How to prevent History’s back button from leaving your app’s domain

Mafalda.Lome
2 min readJul 15, 2021

Problem: your web application history’s goBack function navigates away from your domain. For example, if you came to your application from a different domain, say www.google.com and used your app’s back button, it sends you back to google instead of forcing the user to stay within your app.

Solution: The Proxy design pattern!

By now you’ve probably discovered that History’s length attribute is utterly useless. It fails to reset to 0 when you navigate away from your application and then return again. So if you’ve visited 5 paths in your app, went to google to check on something, then came back to your app and clicked around some more, history would continue recording from 5. WTF!

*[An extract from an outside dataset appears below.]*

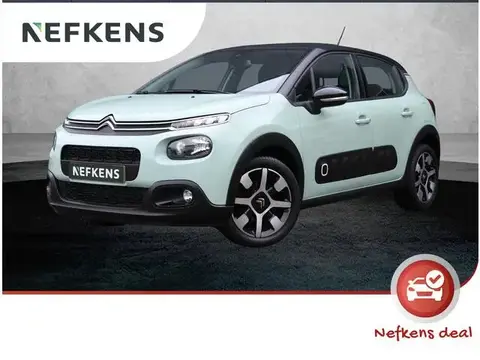 Annonce CITROEN C3 Essence 2019 d'occasion 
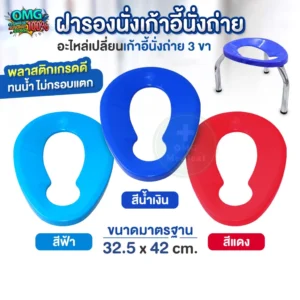 Commode Seat ฝารองนั่งเก้าอี้นั่งถ่าย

So if you’re in a situation where you need to regulate History’s stack length but cannot trust the built-in length attribute, a simple solution is building a Proxy that intercepts history’s implementations and tracks the stack length itself!

Here’s an example:

export class LocalHistory implements History {  private readonly browserHistory = createBrowserHistory();  private localLength: number = 0;  public get action(): Action {
return this.browserHistory.action
}
public get location(): Location {
return this.browserHistory.location;
}
public readonly createHref = (...args: Parameters<History["createHref"]>) => {
return this.browserHistory.createHref(...args);
}
public readonly push = (...args: Parameters<History["push"]>) => {
this.localLength++;
return this.browserHistory.push(...args);
}
public readonly replace = (...args: Parameters<History["replace"]>) =>
{
return this.browserHistory.replace(...args);
};
public readonly go = (delta: number) => {
this.localLength += delta;
return this.browserHistory.go(delta);
};
public readonly goBack = () => {
if (this.localLength > 0) {
this.localLength--;
return this.browserHistory.goBack();
} else {
this.push("/");
}
};
public readonly goForward = () => {
this.localLength++;
return this.browserHistory.goForward();
};
public readonly listen = (...args: Parameters<History["listen"]>) =>
{
return this.browserHistory.listen(...args);
};
public get length() {
return this.browserHistory.length;
};
}

As you can see, we’re tracking our own attribute localLength that gets incremented with push actions and decremented with pop actions. The LocalHistory class simply calls the normal browser history’s functions so you don’t have to re-invent the wheel, just add you own layer of logic!